Encouraging Small Business Entrepreneurship through Knowledge Development

Small business and entrepreneurship are hot topics in the U.S. economy and it is believed they will make significant contributions to America’s reemergence as a nation of opportunity and growth. A study of 200 small business entrepreneurs in the U.S. and India help highlight how education, personal development and focus contribute to growth (Scales, 2014).  There is an increasing need to teach entrepreneurship and small business development in college to match skills to knowledge needed in the market. He argues:

  • 1.      The need to teach the difference between small business development; and,
  • 2.      The actual behaviors of entrepreneurs and small business owners.
Education can play a significant part in developing and growing the entrepreneurial class. Small business owners should move more toward an entrepreneurial orientation and seek to further reach the next level in business volume.

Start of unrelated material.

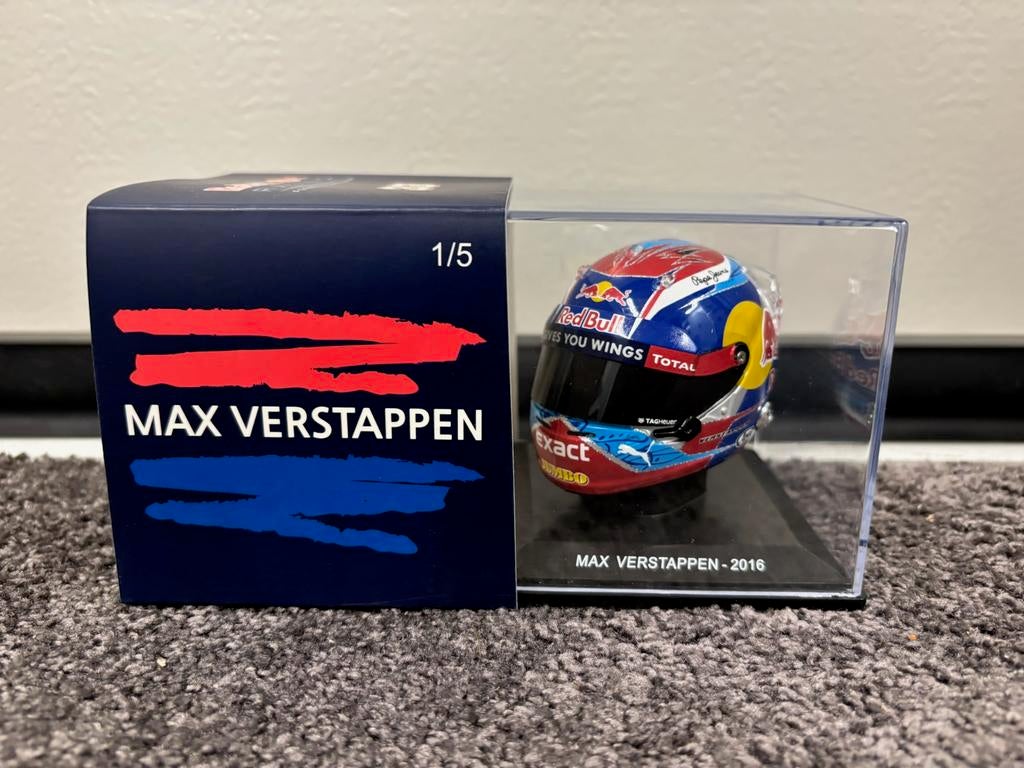 Max verstappen helm 1:5 seizoen 2016, Verzamelen, Automerken, Motoren en Formule 1, Ophalen of Verzenden, Zo goed als nieuw, Formule 1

They will need new knowledge to function at their maximum capacity.

This requires business owners to shift their approach and move more towards understanding technology, developing their structures, and handling greater volume and capacity. These skills are considered adaptive and help push small business to a growth strategy.

Adaptation is required because it destroys older systems and develops new systems as a core component of entrepreneurial activity. All businesses are in a continual process of decline and rejuvenation. Growth oriented businesses can find a way through these cycles by becoming stronger in their management approaches and business development activities.

Because successful small businesses are heavily influenced by the personality and ability of the owner a greater weight should be placed on entrepreneurial personalities. Entrepreneur traits include the desire to achieve, internal locus of control, need for independence, risk-taking behavior, creativity, drive to success, problem solving, goal directed, responsible, performance oriented, and ambitious. 

The author contends that entrepreneur education has been more focused on the economics of entrepreneurship but should also include small business growth. The educational process may be better serviced by focusing on the differences between small business development and entrepreneurship. New research and literature can be used in an emerging educational field and has great potential to impact the sector.

Scales,T. (2014). “Interactive Business” Risk, Reward and Reality. Academy of Business Research Journal, 1.